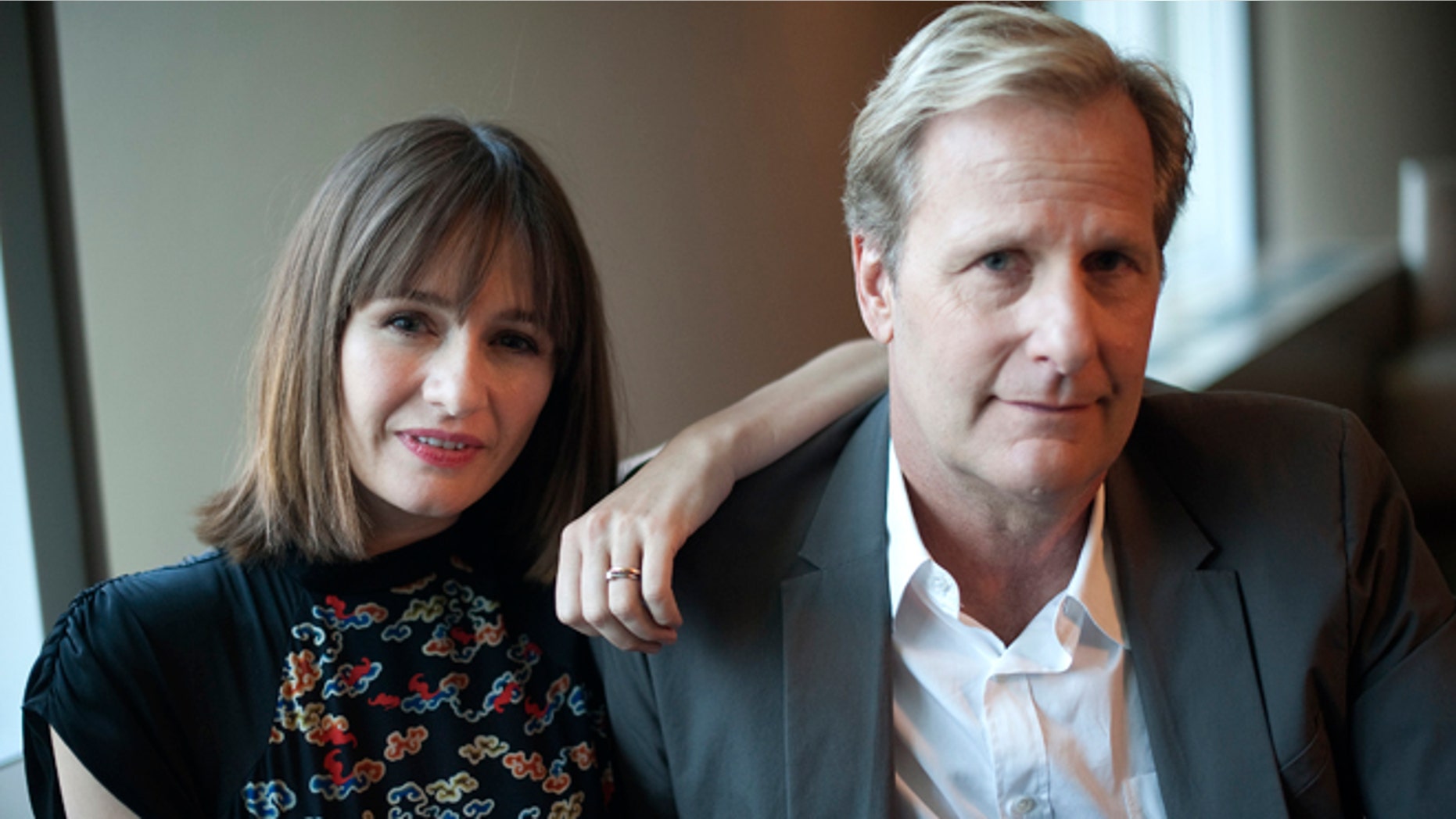 May 17, 2012: Cast members Emily Mortimer and Jeff Daniels (R) pose for a photo at the offices of HBO in New York.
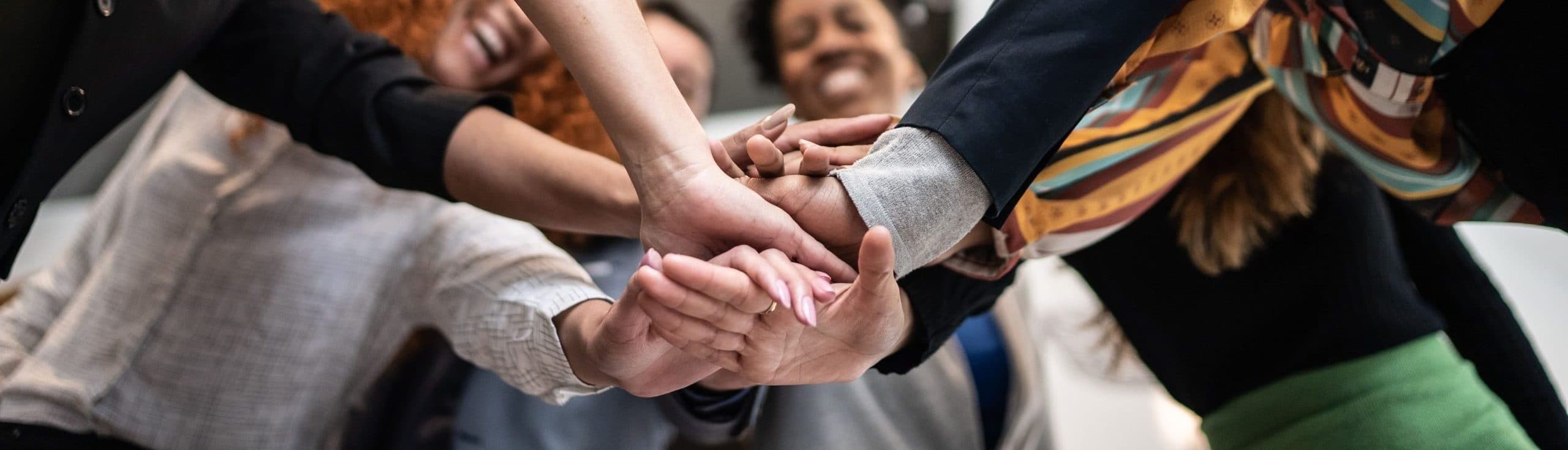 LifeSafe Services team joining hands together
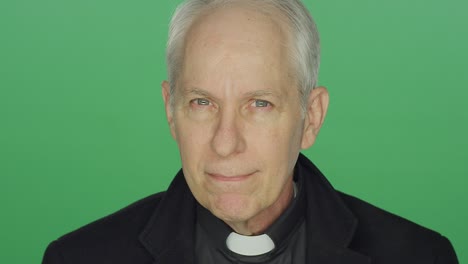 older priest shows concern, on a green screen studio background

────────────────────

__The task__:
Leaving aside every picture, transcribe exactly the lines that run from the one with "LifeSafe Services team" to the close of the listing above.

__Response to the exercise__:
 LifeSafe Services team joining hands together
 older priest shows concern, on a green screen studio background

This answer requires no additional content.